Sour Cream

First things first: I’ve sworn off strawberries except as a very occasional indulgence–until, of course, they come into season here and I do whatever it takes to (non-violently) fill my freezer. Certainly if we have trouble waiting for their season to come, there are plenty of other “exotic” California fruits that don’t involve a package that will sit in the landfill forever.

Now, sour cream. When we started reducing the amount of plastic we bring into our home, the steep drop-off in trash was more of a bonus than the outright goal. Our intention was really to learn to live in a new way: to make what we needed ourselves, from scratch, and to learn to go without the things we couldn’t make ourselves or obtain in a plastic free way. Sour cream perfectly embodies both of these things.

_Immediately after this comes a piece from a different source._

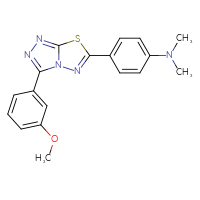 Chemical structure of 4-[3-(3-methoxyphenyl)-[1,2,4]triazolo[3,4-b][1,3,4]thiadiazol-6-yl]-N,N-dimethylaniline - CSSB00121616709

While I’ve had sour cream starter in my freezer since New Years, I didn’t start making it until, oh, a few weeks ago. I don’t know why, but we went without it for months. This was not easy for us. We talked about it over our bowls of beans and chile, tried to remember the taste of it, the texture, the tang. Perhaps on some level I didn’t think it would work, that it was going to prove beyond my ability to make it. And I hate failure. But what else could you call a life without sour cream?

Finally I bought the cream, a whole quart of it–which amounts to a small fortune in glass bottled milk. When time came to add the culture I saw I was supposed to use light cream or half and half. Even skim milk. Skim milk! So I made pies and quiches and used up the heavy cream, bought half and half, and finally, finally, around The Man of the Place’s birthday, made the dang sour cream.

And my life is forever changed. I am a new woman. Maybe even a real woman. To think, if a few more weeks had gone by, I might never have discovered the simplest, most delicious home-cultured milk product known to housewife’s across Russia and the Ukraine.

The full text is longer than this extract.